Прашкевич Геннадий Мартович — прозаик.
Публикации в соавторстве в «Дружбе народов»: цикл эссе: «О красоте» (2016, № 1);
«О молчании» (2016, № 6); «О понимании» (2017, № 4); «О пошлости» (2017, № 7); «О правде и о вечных вопросах» (2017, № 12); «О цели и направлении» (2018, № 5); «О знании, непостижимом разумом» (2018, № 10); «О хорошеньких и не очень» (2019, № 2);
«Об одиночестве» (2019, № 5).
Два письма на одну тему
Геннадий Прашкевич
Дорогой Алексей!
Детство и юность моего друга Рауфа Гасана-заде прошли в глухой азербайджанской деревушке. Русский язык Рауф освоил только в университете, зато на всю жизнь сделал его своим языком, естественно, вместе с родным. «Почему у нас (в СССР) вырождаются национальные литературы?» — спрашивал он. И сам отвечал: «Да потому, что в России после революции исчезла двуязычность, как массовое явление». Свои собственные рассказы Рауф мечтал писать так, чтобы они воздействовали на читателей буквально. Прочел рассказ — и отказался от пива, прочел другой — и поехал на студенческий фестиваль, прочел третий — и занялся выращиванием цветов. Не перекупкой и продажей цветов, а их выращиванием. Пусть цветут сто цветов. Почему нет? Мир един, хотя разъединен тщательно.

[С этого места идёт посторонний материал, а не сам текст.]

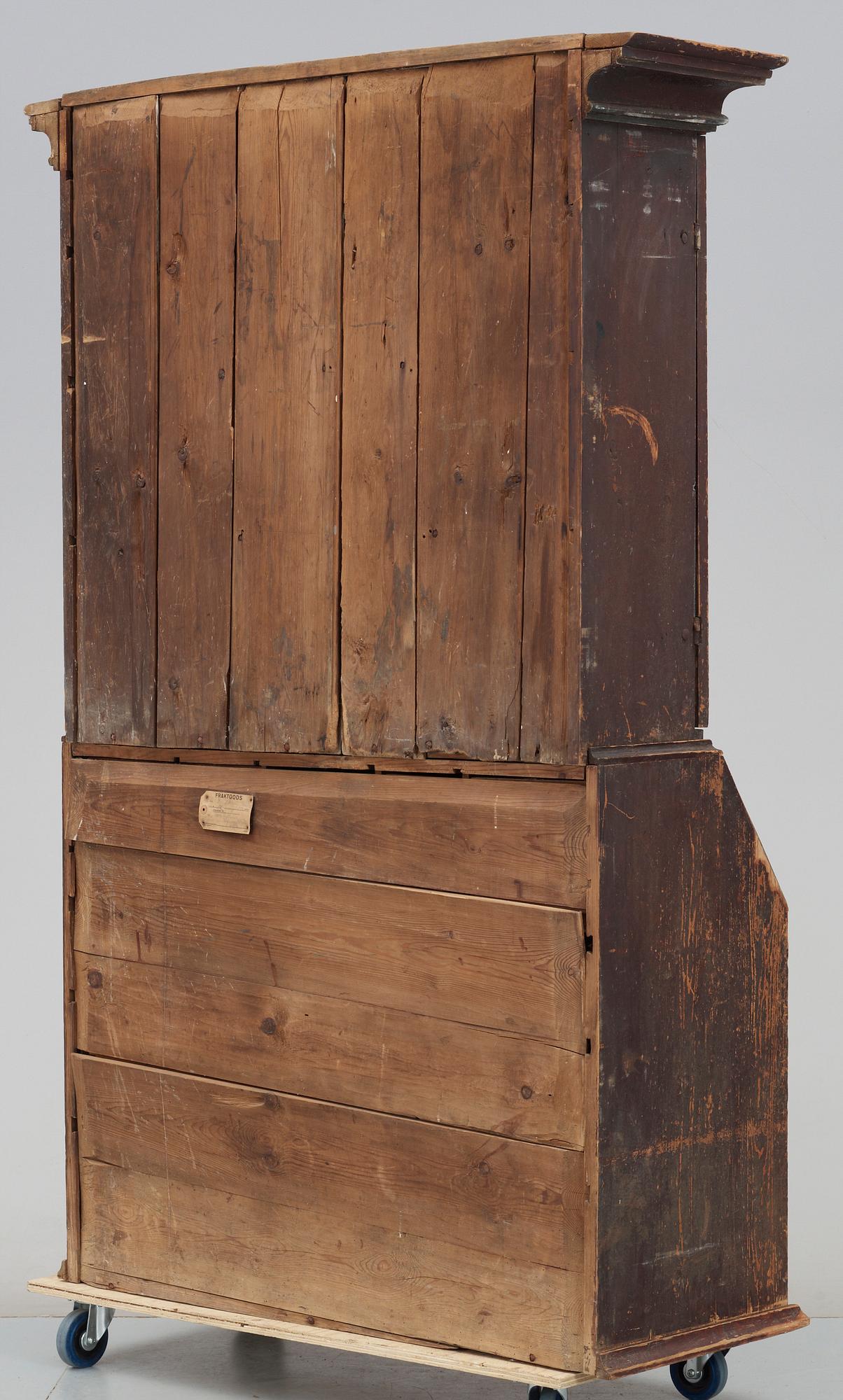 SKRIVSKÅP, allmoge, bär dat 1846.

Казалось, личная и литературная судьба Рауфа складывается вполне благополучно, но в ночь на новый 1990 год из благополучного новосибирского Академгородка он уехал в Азербайджан, где зенитки уже лупили в упор по пятнистым армейским машинам, и я долго ничего не знал о его дальнейшей жизни. Доходили смутные слухи о том, что мой друг жив, что он принимает участие в выступлениях антивоенной оппозиции, что в знак протеста против гражданской войны он не раз приковывался к памятникам на площадях, объявлял голодовки.

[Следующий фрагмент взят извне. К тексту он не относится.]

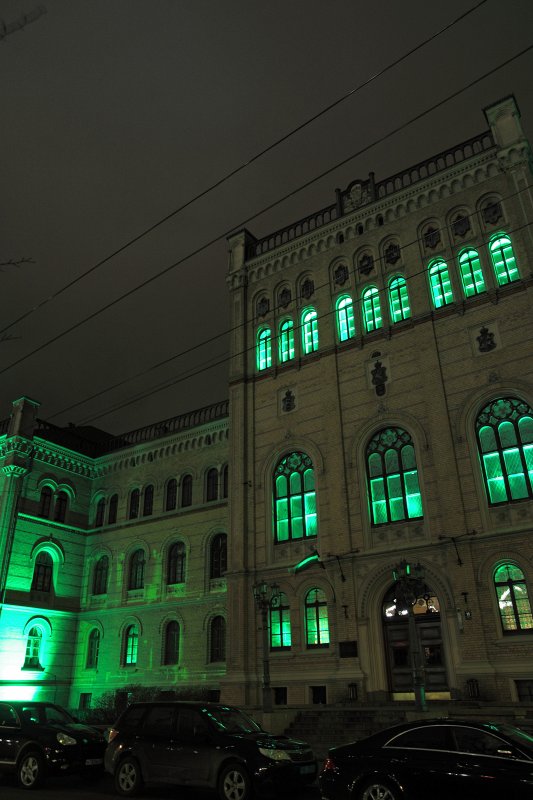 Festivāla «Staro Rīga» instalācija «Gaišais prāts» uz Latvijas Universitātes galvenās ēkas. null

Потом меня разыскало его письмо.
«Поздравляю тебя с Новым годом, желаю больших успехов в вечной и радостной жизни, — писал Рауф. — Помнишь слова: «Поэт, не дорожи любовию народной»? Вот они, наверное, и подорвали истоки моего бедного творчества, ибо на каком-то высшем суде я проиграл свое дело вчистую, а никаких адвокатов под рукой у меня не оказалось. Так что, музы молчат не только, когда говорят пушки, но и когда бурчат животы — у одних от голода, у других от обжорства…»

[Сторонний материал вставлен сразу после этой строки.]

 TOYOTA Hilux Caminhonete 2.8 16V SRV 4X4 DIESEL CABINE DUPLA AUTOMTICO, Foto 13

И дальше — о страхе окончательно утерять интерес к творчеству.
Куда ж нам плыть? Что мы боимся терять?
Писатель Виктор Петрович Астафьев, к сожалению, уже ушедший, не раз жаловался: «Вот все кричат, прямо в крик идут: “Ох, ах, берегите природу!” А почему-то никто не кричит: “Караул! Караул! Вон какие выросли дети в наших малосортирных квартирах!” А это ведь они, наши дети, губят природу. Подросли и губят. Я не тогда почувствовал страх, когда увидел на берегу осетров сдохших, а когда увидел дохлых ершей. Ерши обычно все переживают, но если уж и они сдохли — дрянь дело. К тому же наши браконьеры, они ведь везде проникают, и такие они талантливые, что могут уничтожать все живое, даже не касаясь его. Стали активно кедр оберегать, не стали его валить, просто вырубили все вокруг, вот кедр сам и попадал…»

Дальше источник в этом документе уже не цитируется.